With the images removed, write out each record exactly as given.
________________
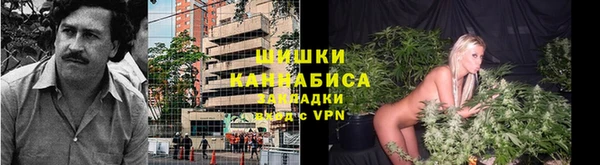 PSILOCYBIN Балахна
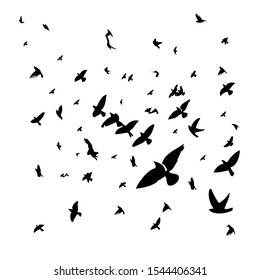 A flock of flying birds. Vector illustration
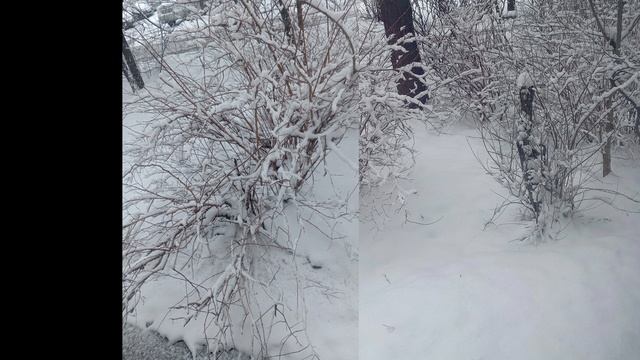 Зима весной смотреть онлайн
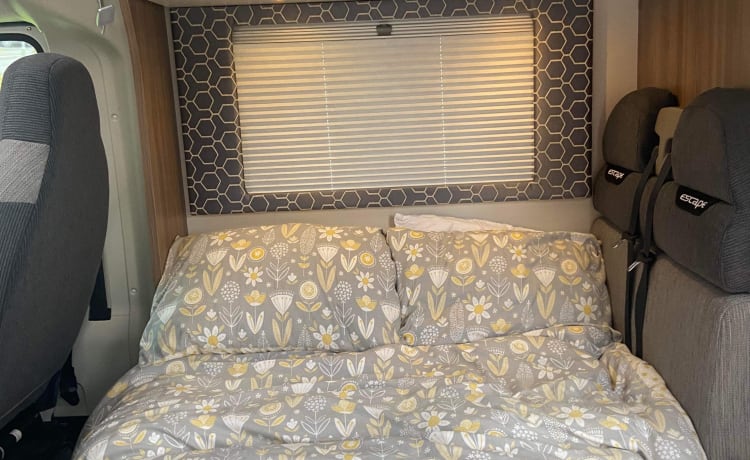 Luxurious 4 berth Motorhome 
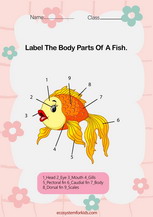 Parts of a fish diagram worksheet pdf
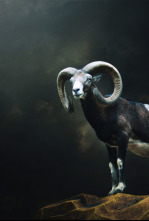 Muflones con taxidermis Madrid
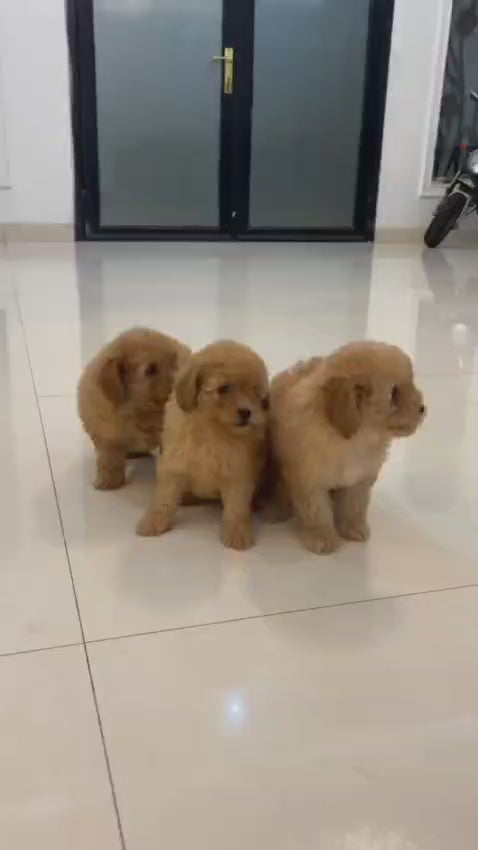 Toy Poodle Apricot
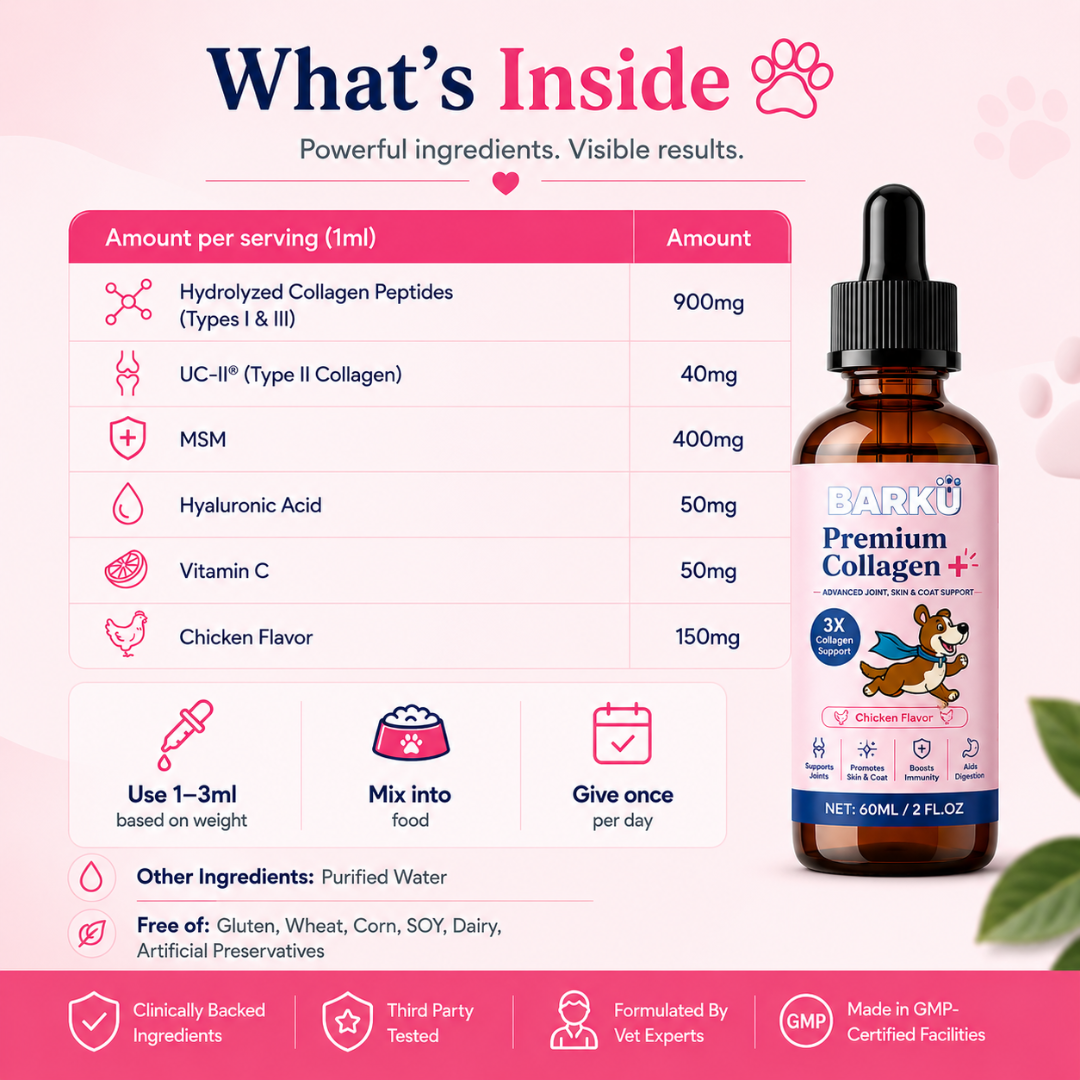 Premium Collagen+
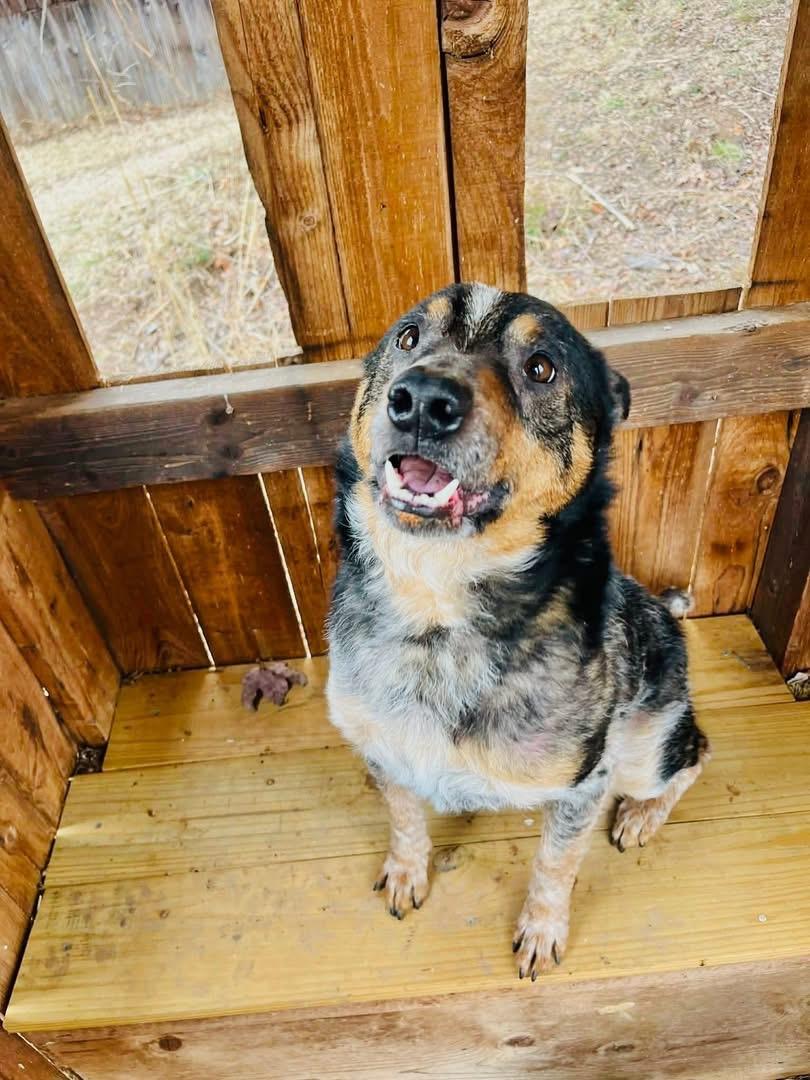 Enlarge Chuppy, a ADOPTABLE Australian Cattle Dog / Blue Heeler in Bassett, VA image 4/6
________________
#### RESULT OF THIS EXERCISE:
 PSILOCYBIN Балахна
 A flock of flying birds. Vector illustration
 Зима весной смотреть онлайн
 Luxurious 4 berth Motorhome 
 Parts of a fish diagram worksheet pdf
 Muflones con taxidermis Madrid
 Toy Poodle Apricot
 Premium Collagen+
 Enlarge Chuppy, a ADOPTABLE Australian Cattle Dog / Blue Heeler in Bassett, VA image 4/6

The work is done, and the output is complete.